I clearly remember the first time I read this. I was about twelve years old, and longed to be an angelic creature like Beth. The funny thing about this book is that it is strictly impossible not to try to recognize something in the characters, that resembles oneself. I desperately
wanted to be Beth, even though I never was. I have probably always been Amy, pining for beautiful silk ribbons and a perfect nose. And though she might not seem an ideal or flawless character, she is determined to succeed, which is probably highly admirable as well. This realization dawned upon me when reading this book after many years of neglect.

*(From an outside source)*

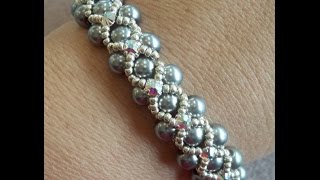 Montee Embellished Pearl Bracelet [upl. by Tannie]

Most girls of course want to be Jo; fierce and artistic, the true genius in this story. However she never spoke to me. I loved her dearly for her writing abilities (especially her beautiful poems), but did not like her coarse and harsh ways. But that may just be the Amy-part of me speaking, as the two sisters always were true opposites.
This book possesses so many charms, that it is impossible to account for all of them. The very different sisters create wonderful contrast, and it is delightful to spot their differences and follow their different paths, which might lead them far from each other, but always joins them together again, as true familybonds always do.
This is a book about love, ambitions, sorrow, family and everyday life. It is a book about growing up, and finding yourself. And as you read it you may actually find yourself; in a sensible Meg, a lively Jo, a fragile Beth or an ambitious Amy. This book formed me, and probably influenced me more than I will ever know.
I will always love this book, and remember the twelve-year old me who cried and laughed with these little women. Somehow I'm always a little sad when reading it, as it holds a magic nostalgia, forever causing me to realize that we all have to grow up eventually.